With the growing crisis in Venezuela, many Americans are discussing whether President Trump should seek to overthrow the regime of Nicolás Maduro. While the administration has downgraded democracy promotion, high-level policy discussions have continued, and regime change remains a viable option.
The term “regime change” refers to the deliberate effort by the United States or its allies to remove the leadership or political power structure of another country, through any number of policies that fall short of full-scale war. This effort may involve diplomatic, economic and informational tools as well as military operations. The concept of regime change has long been central to American foreign policy, with its proponents arguing that a more democratic world makes America safer and that forcing odious regimes from power is the right thing to do.

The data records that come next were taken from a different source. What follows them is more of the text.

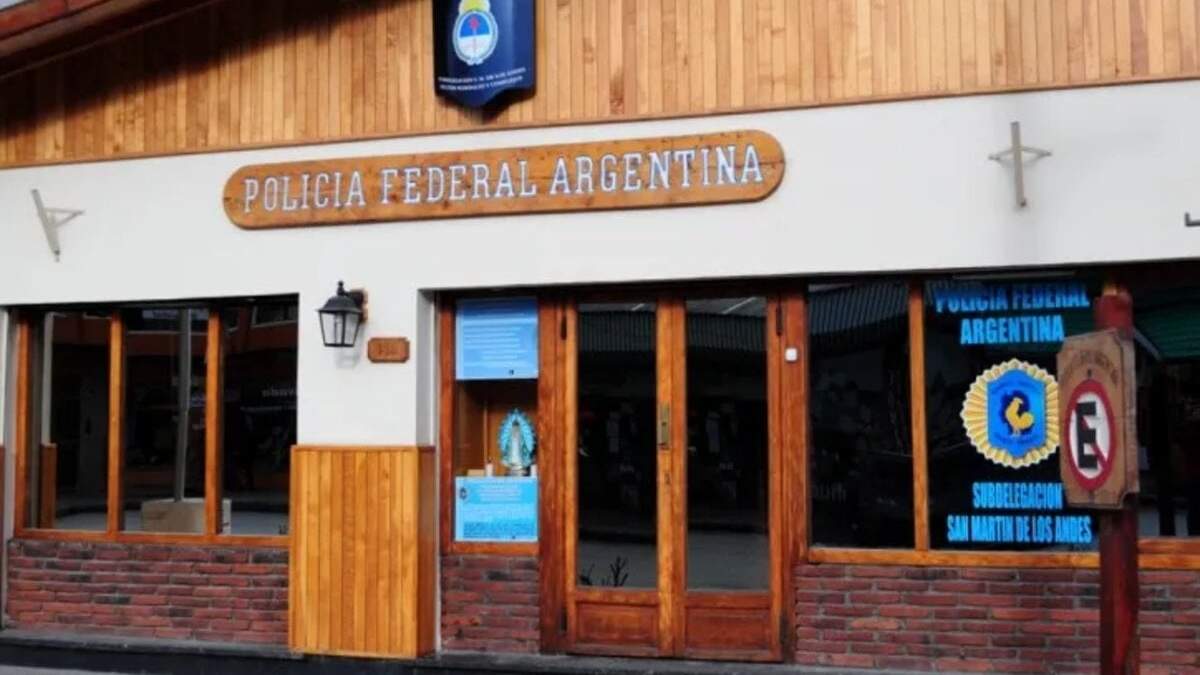 Sede de la Policía Federal en San Martín de los Andes. Fuente: (Facebook)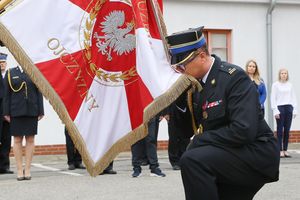 Uroczysty apel z okazji powołania komendanta miejskiego PSP w Olsztynie [ZDJĘCIA]
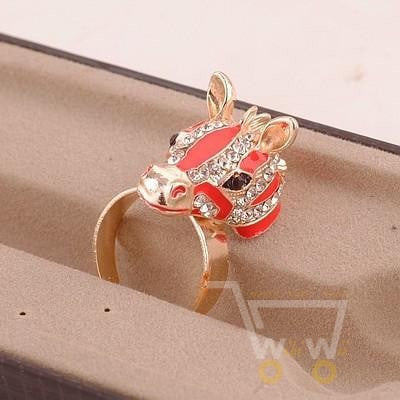 Gold Plated Horse Ring - WikiWii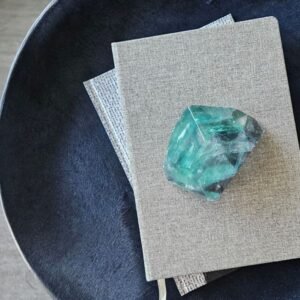 Maxim Bauble in Rainbow Flourite - A (~ 370g) - Image 2
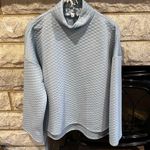 Blue Mockneck Sweatshirt Top Daily Thread Quilted XS Photo 0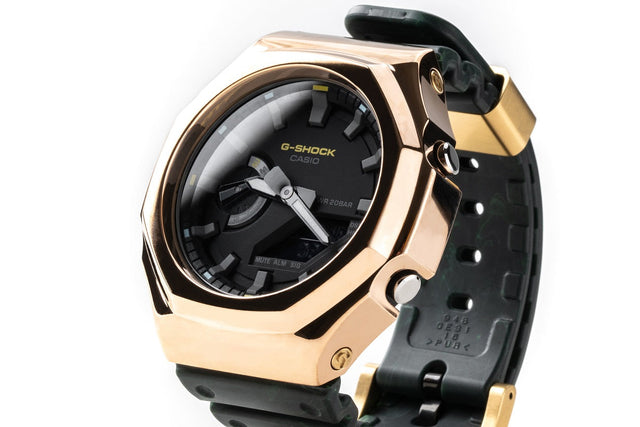 The Grand GA2100 Patin Bronze Bezel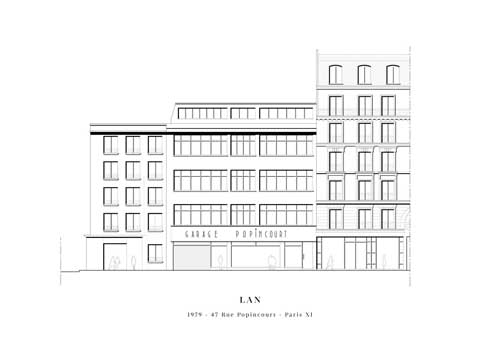 طراحی داخلی اداری دفتر معماری لان _09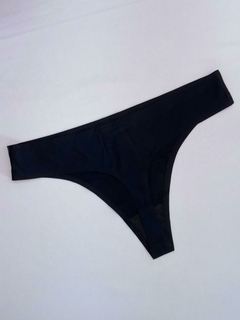 Calcinha Fio Lazer sem costura Preto - 0066 - comprar online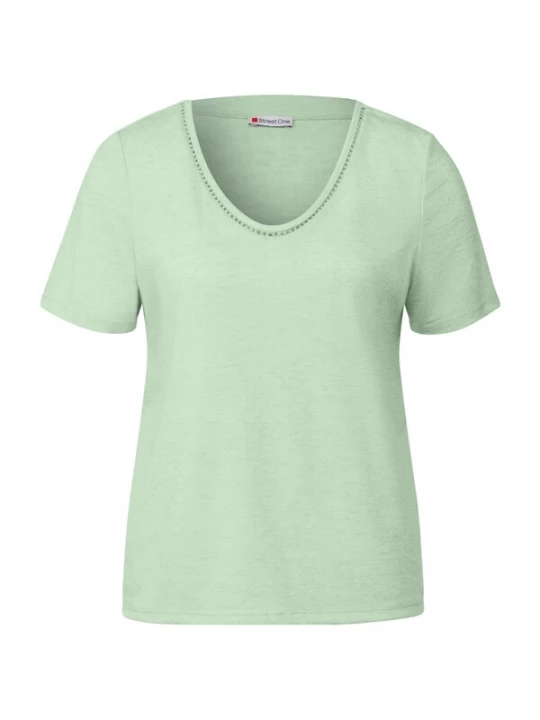 Foto van product STREET ONE Shirt lichtgroen
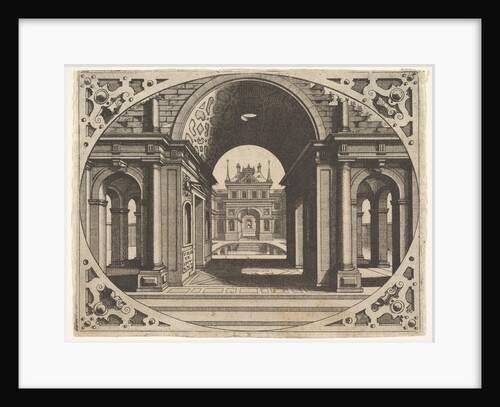 Plate from 'Varie Architecture', ca. 1560 by Johannes van Doetecum I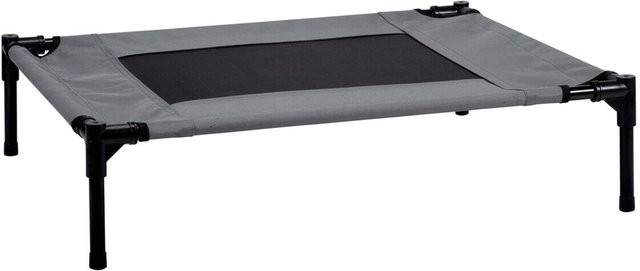 Maxxpro Haustierbett für Hunde aus Polyester, grau, B/H/L: 81 x 17 x 64 cm - Bild 1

Yet the idea of regime change has always come with a host of risks. The most serious is that the efforts to overthrow governments that do not serve US interests can backfire. In the case of dictators like Slobodan Milosevic, it took two decades for Serbia to recover from the coercive airstrikes and political upheaval that overthrew him. And while the so-called color revolutions in Ukraine, Georgia and Kyrgyzstan brought about the removal of Russian-leaning autocrats, these countries remain fractious and unstable.
The other risk is that armed regime-change missions rarely succeed as intended and often have unintended consequences. A growing body of academic research demonstrates the paucity of cases in which regime-change efforts produce the desired outcome of supplanting an odious regime and advancing American security and humanitarian interests. Instead, as this literature shows, covert regime-change activities are more likely to obstruct American goals and harm other tools of statecraft that support the American-led international order.